Pagi hari,  pukul tujuh.

Suara tumisan sayuran di atas teplon membuat Jeon tersenyum,  pasalnya baru pagi ini dia merasakan 'pagi normal', biasanya pukul tujuh pagi dirinya baru pulang dari rumah sakit dan akhirnya memesan makanan cepat saji yang sama sekali tidak sehat.

Sayur dan daging telah matang semuanya,  kini Jeon menata rapi masakannya di atas meja.

Dan lihat disini,

Seonggok manusia bertato dan berambut hijau sedang duduk sambil memegang sendok dan garpu di masing-masing tangannya.

Belum sempat pantat piring itu mencium permukaan meja, piring telah disambar oleh Kim. Isinya ditusuk dan dimasukan ke dalam mulut,

Pun Jeon hanya menggeleng pelan lantas duduk di samping Kim, mengernyit pelan juga karena bagian bawahnya masih perih dirasa.

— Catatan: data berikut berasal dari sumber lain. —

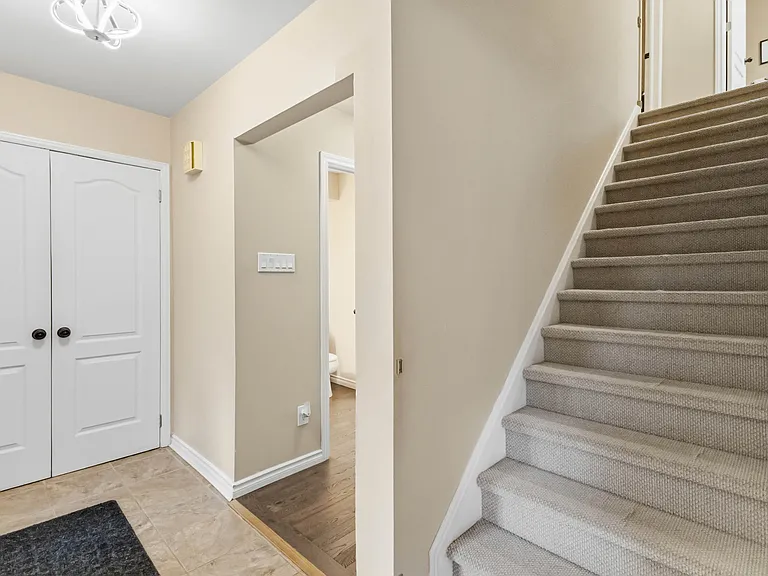 62 Finsbury Cres — Photo 5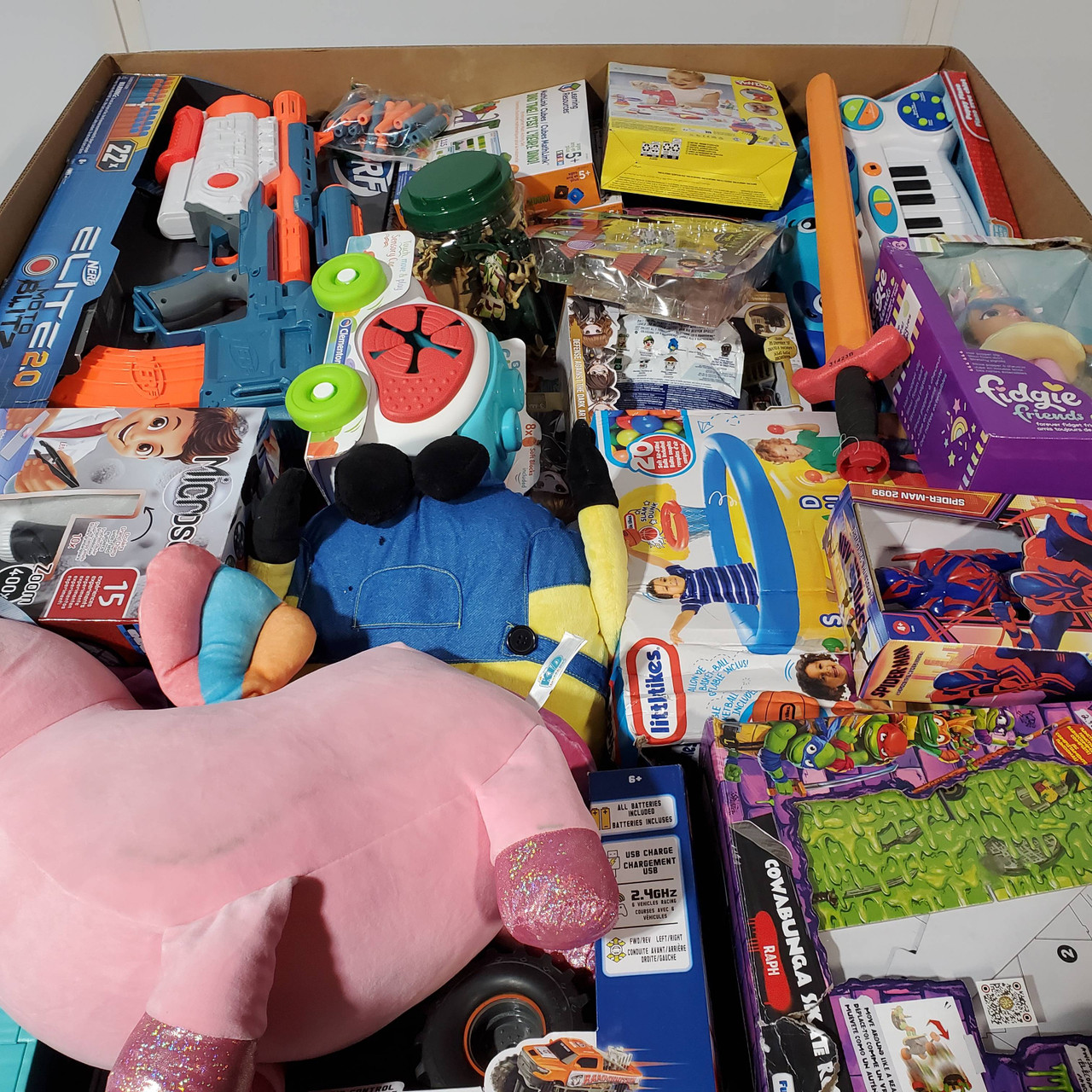 121 units of Toys - MSRP $2,809 - Returns (Lot # 764140)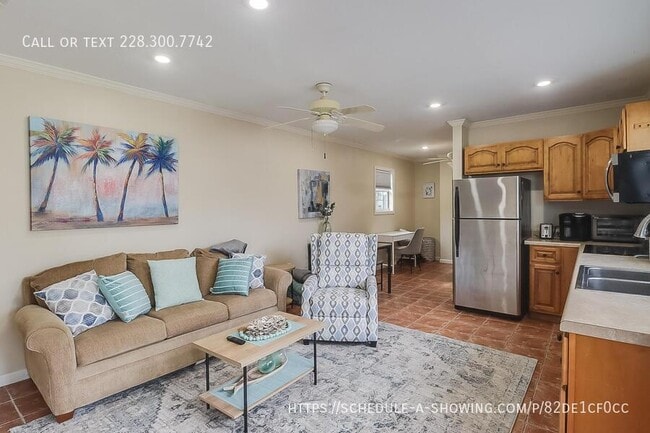 Photo - 176 Markham Dr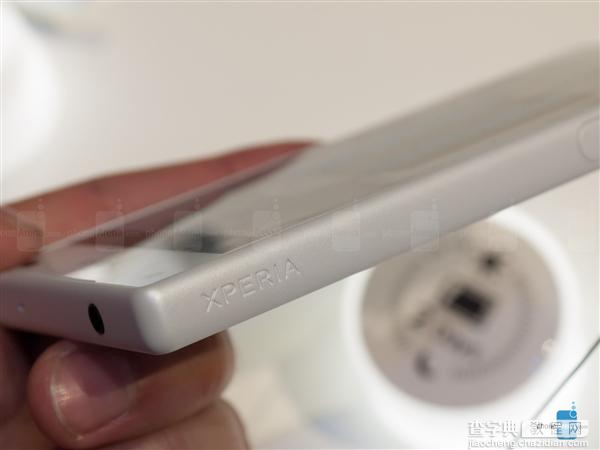 索尼4.6寸小屏旗舰Xperia Z5 Compact真机图赏18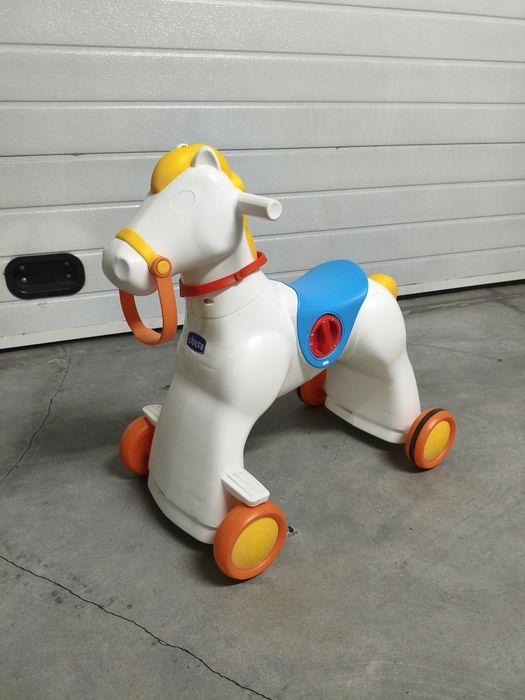 Cavalo (cavalinho) com baloiço Chico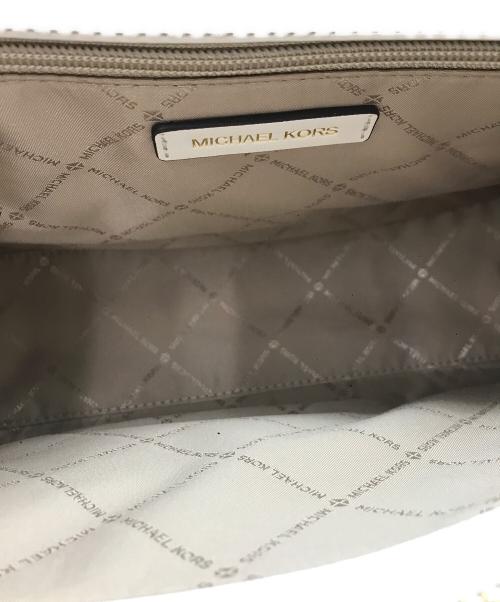 MICHAEL KORS（マイケル・コース）MICHAEL KORS (マイケル・コース) SHEILA センタージップ サッチェル ミディアム ホワイトの古着・服飾アイテム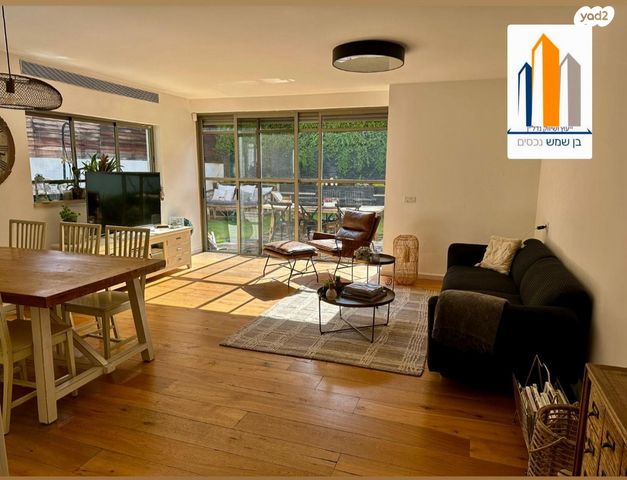 דירת גן, זלמן שניאור, הרצליה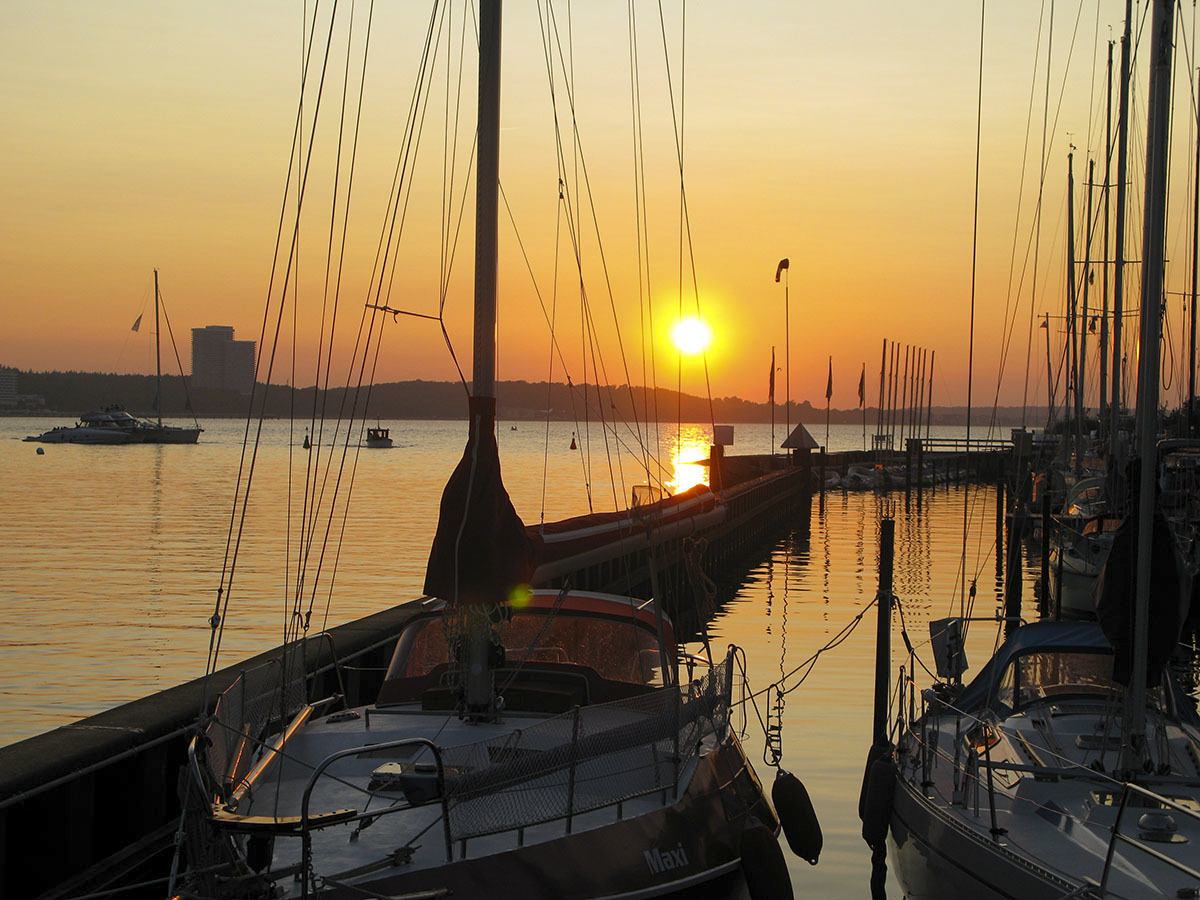 Lübecker Bucht: Blick über Segelschiffe in den Sonnenuntergang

"Makan yang banyak Kim, apa enak?"

"...."

"Masih marah ya? Aku minta maaf..."

"...."

"Maaf ya Kim? "

"....."

"Huft" Akhirnya Jeon menggelembungkan pipinya,  kesal akibat didiami.

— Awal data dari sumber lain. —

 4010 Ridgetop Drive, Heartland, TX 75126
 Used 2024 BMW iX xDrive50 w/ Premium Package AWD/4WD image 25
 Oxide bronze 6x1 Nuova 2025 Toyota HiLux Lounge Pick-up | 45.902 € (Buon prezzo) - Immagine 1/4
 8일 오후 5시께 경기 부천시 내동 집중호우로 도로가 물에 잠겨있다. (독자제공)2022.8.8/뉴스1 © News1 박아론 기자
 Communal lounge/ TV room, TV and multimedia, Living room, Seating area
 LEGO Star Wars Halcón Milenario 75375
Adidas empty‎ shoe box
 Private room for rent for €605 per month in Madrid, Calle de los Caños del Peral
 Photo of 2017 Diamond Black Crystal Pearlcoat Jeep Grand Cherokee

"Baiklah, marah saja sana"

Jeon bangkit dari tempat duduknya.

Set!

Namun tangan kanannya dicekal,  lantas jari-jari besar itu berusaha bertautan dengan jari-jari yang lebih mungil.

"Aku yang harusnya minta maaf Jung, kau tidak salah. Hanya aku saja yang terlalu sensitif,  maaf" mata hitam itu menatap lurus ke arah bola biru di balik kacamata.

Jeon kembali duduk.

"Iya, aku mengerti"

"Aku hanya takut kehilangan dirimu, itu saja" Kim menunduk, menaruh garpu dan sendoknya di atas piring.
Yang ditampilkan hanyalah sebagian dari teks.